- WHAT THE EXERCISE ASKS
Could you write out all of the data again, word for word?

- MATERIAL SUPPLIED
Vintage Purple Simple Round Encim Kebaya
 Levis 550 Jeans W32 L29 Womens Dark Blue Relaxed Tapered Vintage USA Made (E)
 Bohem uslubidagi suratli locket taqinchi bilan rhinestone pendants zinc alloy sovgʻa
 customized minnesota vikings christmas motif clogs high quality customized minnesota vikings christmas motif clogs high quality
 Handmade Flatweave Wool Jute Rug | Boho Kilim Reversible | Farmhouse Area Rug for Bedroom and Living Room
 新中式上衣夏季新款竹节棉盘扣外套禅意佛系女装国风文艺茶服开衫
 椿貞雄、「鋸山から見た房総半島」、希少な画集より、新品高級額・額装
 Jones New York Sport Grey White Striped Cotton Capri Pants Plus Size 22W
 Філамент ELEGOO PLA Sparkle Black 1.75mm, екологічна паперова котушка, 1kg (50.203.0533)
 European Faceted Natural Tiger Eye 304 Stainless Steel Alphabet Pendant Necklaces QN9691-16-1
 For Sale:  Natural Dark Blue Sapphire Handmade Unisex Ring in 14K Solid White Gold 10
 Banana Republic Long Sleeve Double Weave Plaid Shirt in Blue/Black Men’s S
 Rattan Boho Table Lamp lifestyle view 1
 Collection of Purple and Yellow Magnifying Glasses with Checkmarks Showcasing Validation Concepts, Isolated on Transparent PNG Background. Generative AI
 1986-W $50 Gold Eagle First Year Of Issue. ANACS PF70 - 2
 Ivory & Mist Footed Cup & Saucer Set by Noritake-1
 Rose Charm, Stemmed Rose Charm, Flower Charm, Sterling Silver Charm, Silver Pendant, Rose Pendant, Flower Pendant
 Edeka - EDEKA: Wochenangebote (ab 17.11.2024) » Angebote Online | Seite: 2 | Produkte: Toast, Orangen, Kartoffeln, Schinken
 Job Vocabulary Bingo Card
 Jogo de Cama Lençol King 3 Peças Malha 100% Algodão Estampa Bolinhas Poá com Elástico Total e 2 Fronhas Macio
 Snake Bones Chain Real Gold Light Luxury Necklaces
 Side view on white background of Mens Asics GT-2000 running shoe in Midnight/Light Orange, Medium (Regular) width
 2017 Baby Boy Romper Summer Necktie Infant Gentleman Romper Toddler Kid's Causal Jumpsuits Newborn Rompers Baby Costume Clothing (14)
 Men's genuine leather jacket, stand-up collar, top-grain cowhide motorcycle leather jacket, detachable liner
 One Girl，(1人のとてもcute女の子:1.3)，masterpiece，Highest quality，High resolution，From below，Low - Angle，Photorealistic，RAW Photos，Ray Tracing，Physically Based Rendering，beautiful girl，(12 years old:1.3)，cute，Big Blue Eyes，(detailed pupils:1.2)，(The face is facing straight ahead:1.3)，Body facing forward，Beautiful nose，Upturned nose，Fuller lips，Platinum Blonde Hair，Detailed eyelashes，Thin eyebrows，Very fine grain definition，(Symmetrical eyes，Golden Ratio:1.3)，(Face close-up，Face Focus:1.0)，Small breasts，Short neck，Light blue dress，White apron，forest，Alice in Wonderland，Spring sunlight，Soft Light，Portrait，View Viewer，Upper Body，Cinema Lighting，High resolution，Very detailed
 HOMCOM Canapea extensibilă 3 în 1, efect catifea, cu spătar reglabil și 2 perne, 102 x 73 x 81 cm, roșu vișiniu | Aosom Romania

- THE COMPLETED TASK
Vintage Purple Simple Round Encim Kebaya
 Levis 550 Jeans W32 L29 Womens Dark Blue Relaxed Tapered Vintage USA Made (E)
 Bohem uslubidagi suratli locket taqinchi bilan rhinestone pendants zinc alloy sovgʻa
 customized minnesota vikings christmas motif clogs high quality customized minnesota vikings christmas motif clogs high quality
 Handmade Flatweave Wool Jute Rug | Boho Kilim Reversible | Farmhouse Area Rug for Bedroom and Living Room
 新中式上衣夏季新款竹节棉盘扣外套禅意佛系女装国风文艺茶服开衫
 椿貞雄、「鋸山から見た房総半島」、希少な画集より、新品高級額・額装
 Jones New York Sport Grey White Striped Cotton Capri Pants Plus Size 22W
 Філамент ELEGOO PLA Sparkle Black 1.75mm, екологічна паперова котушка, 1kg (50.203.0533)
 European Faceted Natural Tiger Eye 304 Stainless Steel Alphabet Pendant Necklaces QN9691-16-1
 For Sale:  Natural Dark Blue Sapphire Handmade Unisex Ring in 14K Solid White Gold 10
 Banana Republic Long Sleeve Double Weave Plaid Shirt in Blue/Black Men’s S
 Rattan Boho Table Lamp lifestyle view 1
 Collection of Purple and Yellow Magnifying Glasses with Checkmarks Showcasing Validation Concepts, Isolated on Transparent PNG Background. Generative AI
 1986-W $50 Gold Eagle First Year Of Issue. ANACS PF70 - 2
 Ivory & Mist Footed Cup & Saucer Set by Noritake-1
 Rose Charm, Stemmed Rose Charm, Flower Charm, Sterling Silver Charm, Silver Pendant, Rose Pendant, Flower Pendant
 Edeka - EDEKA: Wochenangebote (ab 17.11.2024) » Angebote Online | Seite: 2 | Produkte: Toast, Orangen, Kartoffeln, Schinken
 Job Vocabulary Bingo Card
 Jogo de Cama Lençol King 3 Peças Malha 100% Algodão Estampa Bolinhas Poá com Elástico Total e 2 Fronhas Macio
 Snake Bones Chain Real Gold Light Luxury Necklaces
 Side view on white background of Mens Asics GT-2000 running shoe in Midnight/Light Orange, Medium (Regular) width
 2017 Baby Boy Romper Summer Necktie Infant Gentleman Romper Toddler Kid's Causal Jumpsuits Newborn Rompers Baby Costume Clothing (14)
 Men's genuine leather jacket, stand-up collar, top-grain cowhide motorcycle leather jacket, detachable liner
 One Girl，(1人のとてもcute女の子:1.3)，masterpiece，Highest quality，High resolution，From below，Low - Angle，Photorealistic，RAW Photos，Ray Tracing，Physically Based Rendering，beautiful girl，(12 years old:1.3)，cute，Big Blue Eyes，(detailed pupils:1.2)，(The face is facing straight ahead:1.3)，Body facing forward，Beautiful nose，Upturned nose，Fuller lips，Platinum Blonde Hair，Detailed eyelashes，Thin eyebrows，Very fine grain definition，(Symmetrical eyes，Golden Ratio:1.3)，(Face close-up，Face Focus:1.0)，Small breasts，Short neck，Light blue dress，White apron，forest，Alice in Wonderland，Spring sunlight，Soft Light，Portrait，View Viewer，Upper Body，Cinema Lighting，High resolution，Very detailed
 HOMCOM Canapea extensibilă 3 în 1, efect catifea, cu spătar reglabil și 2 perne, 102 x 73 x 81 cm, roșu vișiniu | Aosom Romania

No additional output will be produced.